Over the weekend, Coinbase users took to online forums like Reddit to complain that supposed server issues were essentially restricting them from either accessing accounts or withdrawing funds. While some found workarounds by accessing the application programming interface, users reported that even those automatic responses from Coinbase’s user helpline could not give an estimate on when those issues would be resolved. Some had reportedly been trying to deal with these issues for several days.
It led to some speculation from crypto skeptics that Coinbase could be working toward limiting transactions akin to what other exchanges have recently done to stave off economic hurt.
A spokesperson for Coinbase responded to Gizmodo’s inquiry with: “Coinbase is not halting withdrawals on our platform. We occasionally experience technical issues on our platform, and those are handled with high priority and updated in real-time on our status page.”
Several other exchanges had recently announced they were halting or limiting withdrawals, including big names like Celsius, CoinFLEX, and CoinLoan, just to name a few. Some industry insiders like FTX founder Sam Bankman-Fried have warned that some “third tier” exchanges are likely insolvent and would soon fail. All this uncertainty in the market combined with Coinbase’s recent public silence on these technical issues has led to rampant speculation and fear that something else was going on.
Coinbase is still ranked as one of the larger crypto exchanges, and is ranked second by CoinMarketCap under the exchange Binance based on an average of web traffic, volume, and liquidity. The site lists Coinbase has over 1.9 million weekly visits, though that’s significantly less than Binance (20.9 million) or exchanges like FTX (4.7 million).
On Friday, a report from Insider based on leaked emails showed that Coinbase was “temporarily shutting down” its influencer affiliate program in the U.S. on Tuesday. The program paid social media influencers a small amount for promoting Coinbase. The leaked emails reportedly said there were further plans to relaunch it in 2023, but that news led some analysts to speculate the company was having a iquidity crisis. Supporters of Coinbase were quick to defend the company.
The crypto exchange is just one of many dealing with major financial issues since the start of the so-called “crypto winter.” Coinbase cut over 1,000 employees in June, with CEO Brian Armstrong blaming the crypto crash and too much growth in too small a span.
Last week, Armstrong wrote on the company blog they were trying to rescale operations, saying “many of our internal tools and organizing principles have started to strain or break. So we’ve been digging in to identify the set of changes we need to make to help us succeed at this new scale.” That kind of rescaling also led to the company to cut its Coinbase Pro system.
The company has tried to assuage some users’ concerns that their crypto isn’t safe in Coinbase’s hands. Paul Grewal, the exchange’s chief legal officer, wrote on the company blog July 1 that users’ funds were safe, saying that “there’s never a situation where customer funds could be confused with corporate assets.” The message came after a recent SEC filing made some users concerned the exchange was nearing bankruptcy. Armstrong came out to further say the filing was a new requirement by the SEC.
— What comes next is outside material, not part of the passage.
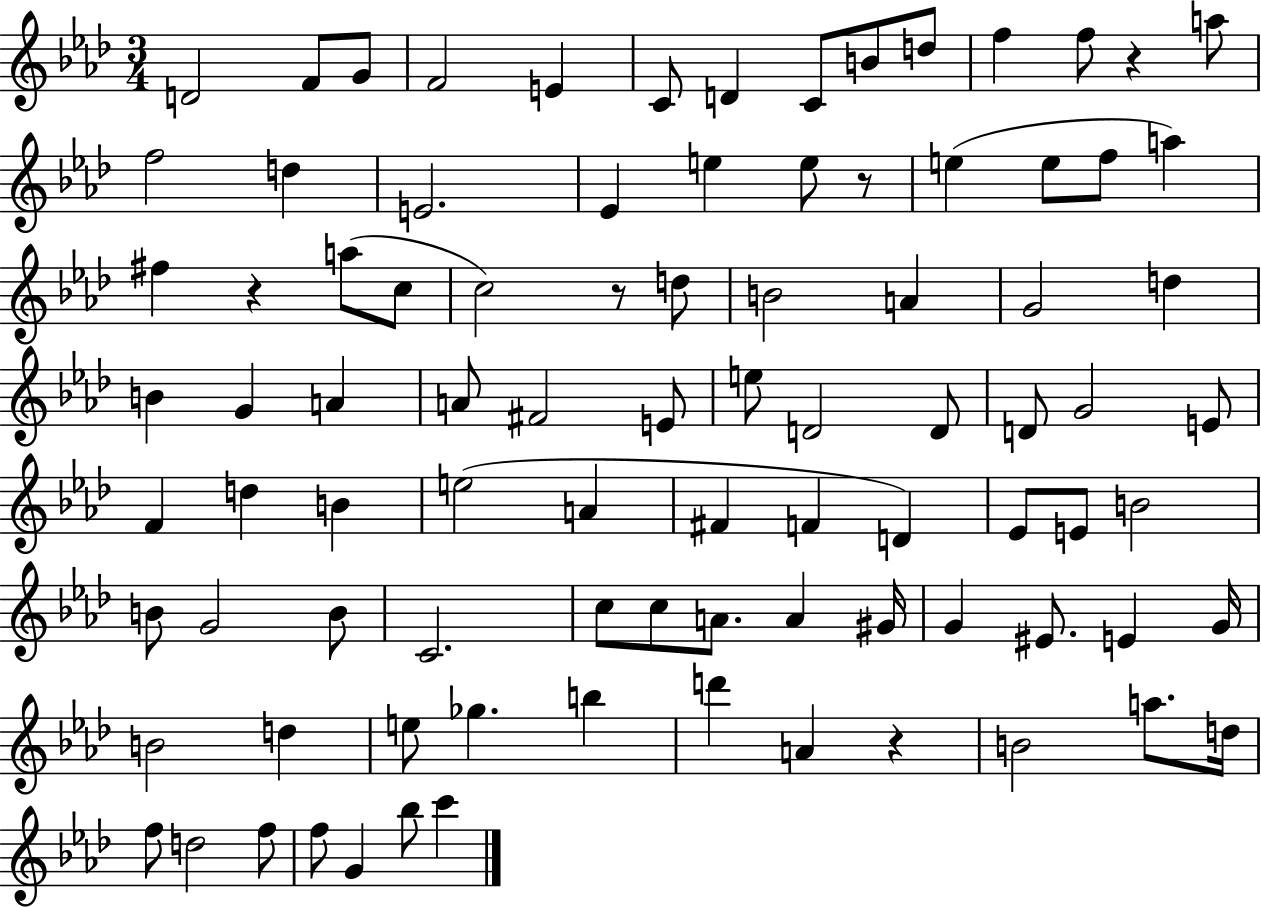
D4/h F4/e G4/e F4/h E4/q C4/e D4/q C4/e B4/e D5/e F5/q F5/e R/q A5/e F5/h D5/q E4/h. Eb4/q E5/q E5/e R/e E5/q E5/e F5/e A5/q F#5/q R/q A5/e C5/e C5/h R/e D5/e B4/h A4/q G4/h D5/q B4/q G4/q A4/q A4/e F#4/h E4/e E5/e D4/h D4/e D4/e G4/h E4/e F4/q D5/q B4/q E5/h A4/q F#4/q F4/q D4/q Eb4/e E4/e B4/h B4/e G4/h B4/e C4/h. C5/e C5/e A4/e. A4/q G#4/s G4/q EIS4/e. E4/q G4/s B4/h D5/q E5/e Gb5/q. B5/q D6/q A4/q R/q B4/h A5/e. D5/s F5/e D5/h F5/e F5/e G4/q Bb5/e C6/q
Some crypto analysts were tentatively excited Monday with the news of a small bounce in trading and in overall investment in crypto. Otherwise news had been going well for Coinbase. The company received regulatory approval to operate in Italy on Monday. According to CNBC, this made Coinbase shares trade at 17% higher by midday at the start of the week.
On the other hand, lawmakers are not finding much to like about the current situation in crypto. Democratic U.S. Senator from Massachusetts Elizabeth Warren told Yahoo Finance on Sunday that not only does Congress have to get its rear in gear, but that the Securities and Exchange Commission “has a responsibility to use its authorities to put guardrails in place and crack down on crypto actors that break the rules.”
Her comments came after a weekend where she and other congressional Democrats wrote a letter to the heads of the Environmental Protection Agency and Department of Energy last week urging them to look at the energy cost for crypto mining.